= Manoj Jamsutkar =

Indian politician

Manoj Pandurang Jamsutkar (born 1969) is an Indian politician from Maharashtra. He is an MLA from Byculla Assembly constituency in Mumbai City district. He won the 2024 Maharashtra Legislative Assembly election representing the Shiv Sena (UBT).
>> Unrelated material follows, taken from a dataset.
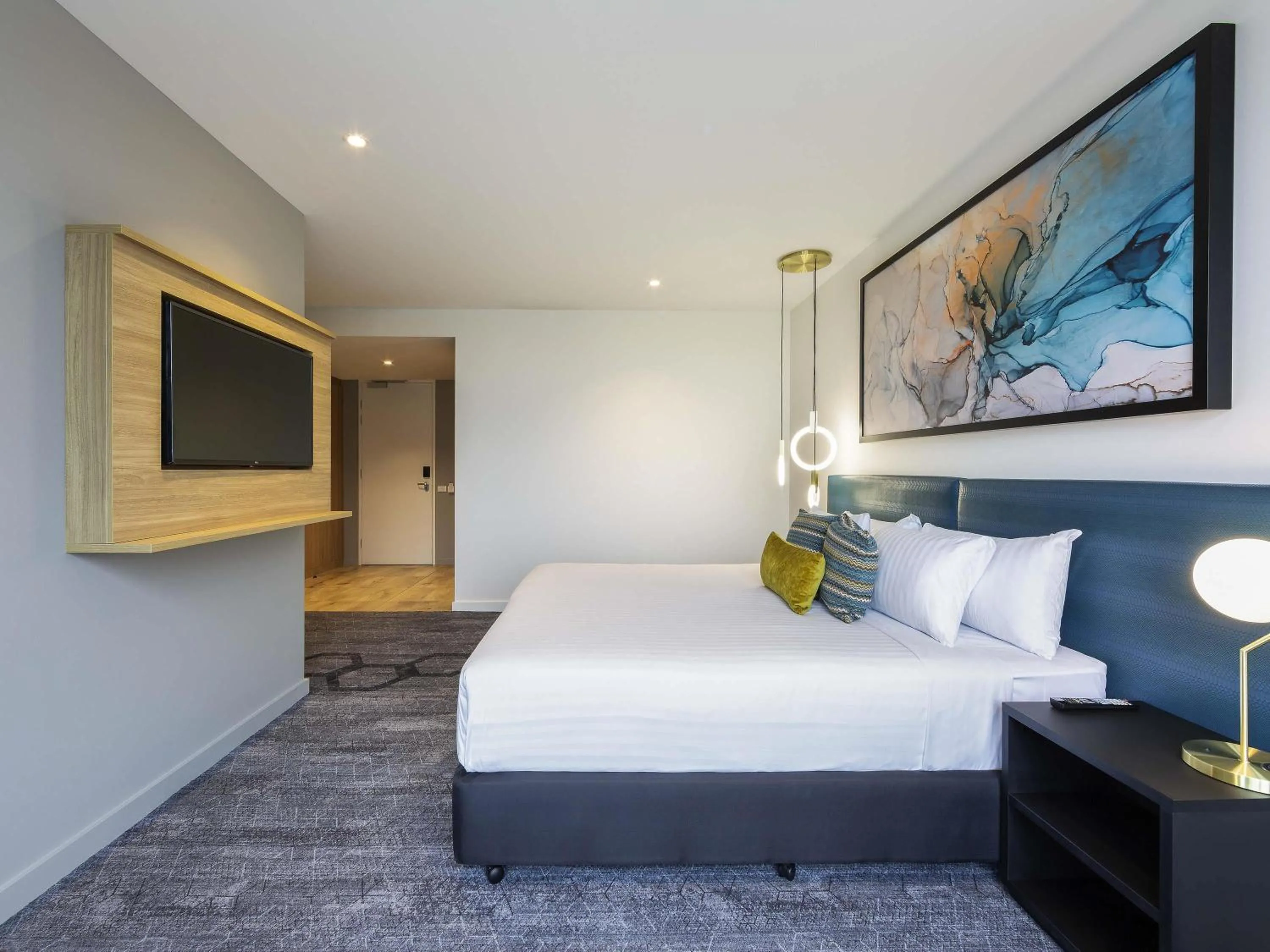 Bedroom, Bed in Mercure Canberra Belconnen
== Early life and education ==
Jamsutkar is from Byculla, Mumbai City district, Maharashtra. He is the son of Pandurang Jamsutkar. He studied Class 12 at Elphinstone Technical High School and Jounior College, Dhobitalao, Mumbai and passed the HSC examination in 1990. His wife Sonam served as a corporator.

== Career ==
Jamsutkar won from Byculla Assembly constituency representing Shiv Sena (UBT) in the 2024 Maharashtra Legislative Assembly election. He polled 80,133 votes and defeated his nearest rival and sitting MLA, Yamini Jadhav of the Shiv Sena, by a margin of 31,361 votes. Earlier, he contested unsuccessfully from Shivadi Assembly constituency on the Indian National Congress ticket in the 2014 Maharashtra Legislative Assembly election. In 2012, he switched over from Shiv Sena to Congress.